A imparcialidade, como um dos pilares da justiça, é inalienável e deve ser mantida a todo custo. A história recente nos mostrou, em diversas situações, que a falta de imparcialidade pode prejudicar o bom funcionamento da justiça e comprometer sua credibilidade perante a sociedade. Quando um juiz reconhece sua suspeição, ele sinaliza que o compromisso com a verdade e a imparcialidade supera quaisquer possíveis interesses pessoais ou pressões externas.

É certo, contudo, que por se tratar de uma situação de grande importância, o caso está sendo analisado pelos órgãos correcionais, a fim de se garantir, com a mesma imparcialidade aqui advogada, que nada de ilícito haja ocorrido. Se defende, como fazemos, a imparcialidade, é certo que a autodeclaração de suspeição não deve ser usada como pretexto para a criação de tribunais de exceção. Estes são notórios por atender a interesses específicos, muitas vezes políticos, afastando-se dos princípios de imparcialidade e devido processo legal, características fundamentais de qualquer sistema judicial que se preze.

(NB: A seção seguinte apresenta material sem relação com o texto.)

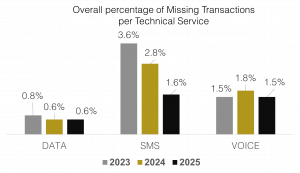 Graphic showing the Overall percentage of Missing Transactions per Technical Service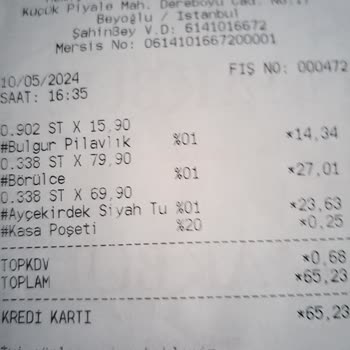 Makbul Davranış Ve Üslup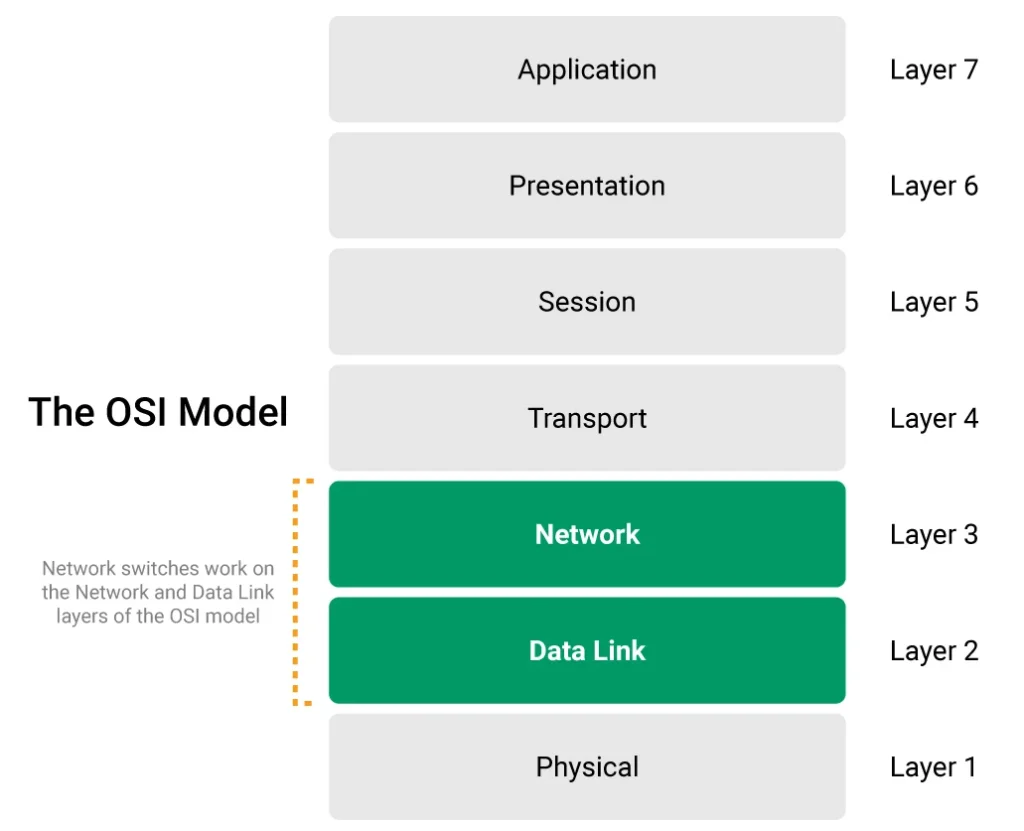 The OSI model is layered in order from Layer 7 to Layer 1: Application, presentation, session, transport, network, and data link. Network switches work on the Network and Data Link layers. The OSI model is layered in order from Layer 7 to Layer 1: Application, presentation, session, transport, network, and data link. Network switches work on the Network and Data Link layers.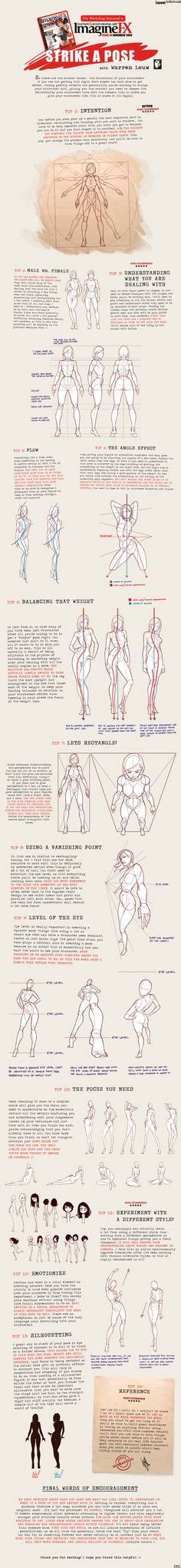drawing refs ideas drawing tutorial art tutorials drawings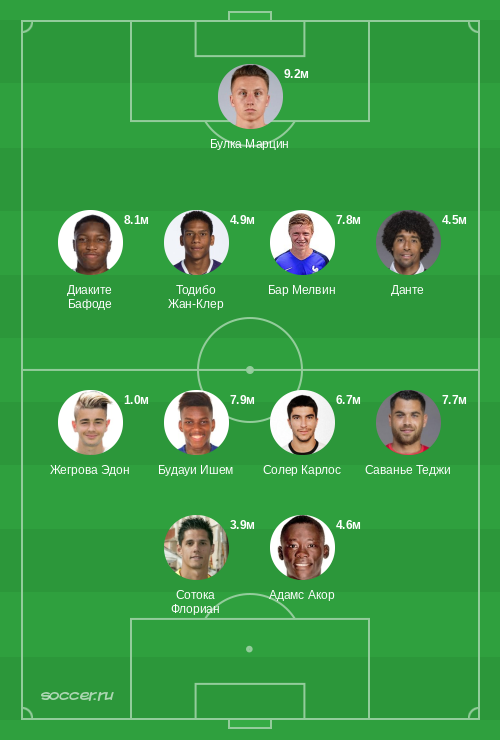 Символическая сборная октября 2023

O que não se pode, contudo, é se estabelecer a priori uma ilicitude nas condutas dos magistrados, até porque, ao assim proceder, colocam-se os magistrados em uma obra de Kafka: se não declaram a suspeição, são omissos; se declaram, são suspeitos de ilicitude. A armadilha de Kafka e o raciocínio falacioso dela faz com que os magistrados, sejam quais forrem suas condutas, estejam incorretos, o que certamente, em um Estado Democrático de Direito, não pode vigorar.

Não se espera ser esse o caso aqui tratado, uma vez que, como defendemos, o Estado Democrático de Direito, o devido processo legal e a imparcialidade vigorem com efetividade, assim como os direitos legalmente atribuídos aos magistrados e aos jurisdicionados.

Isso, aliás, vem sendo realizado, tanto no processo criminal, no qual já há juiz definido apesar das suspeições e, por outro lado, na investigação das suspeições, já em andamento, a fim de verificar possível ilicitude.

Por ora, pois, cabe-nos aguardar os próximos atos dessa obra que se confecciona em terras catarinenses, reforçando que, qualquer que seja seu desfecho, devem prevalecer os princípios inapeláveis que fundamentam nossa ordem jurídica, sobretudo aqueles que com mais frequência são atacados, como o Estado Democrático de Direito e o devido processo legal.

Em conclusão, fica claro que a busca pela verdade real e a aplicação justa da lei devem sempre ser prioritárias em relação a quaisquer interesses pessoais. Essa postura, que contribui para a construção de uma sociedade mais justa e democrática, é um valor essencial no exercício da magistratura.

Adriano Tavares da Silva, advogado, mestrando em Ciências Jurídicas pela Universidade Autônoma de Lisboa, Pós-graduando em Direito Público, Pós-graduando em Direito Eleitoral pelo IDP, Conselheiro da OAB/SC e Procurador Geral do Instituto dos Advogados de Santa Catarina.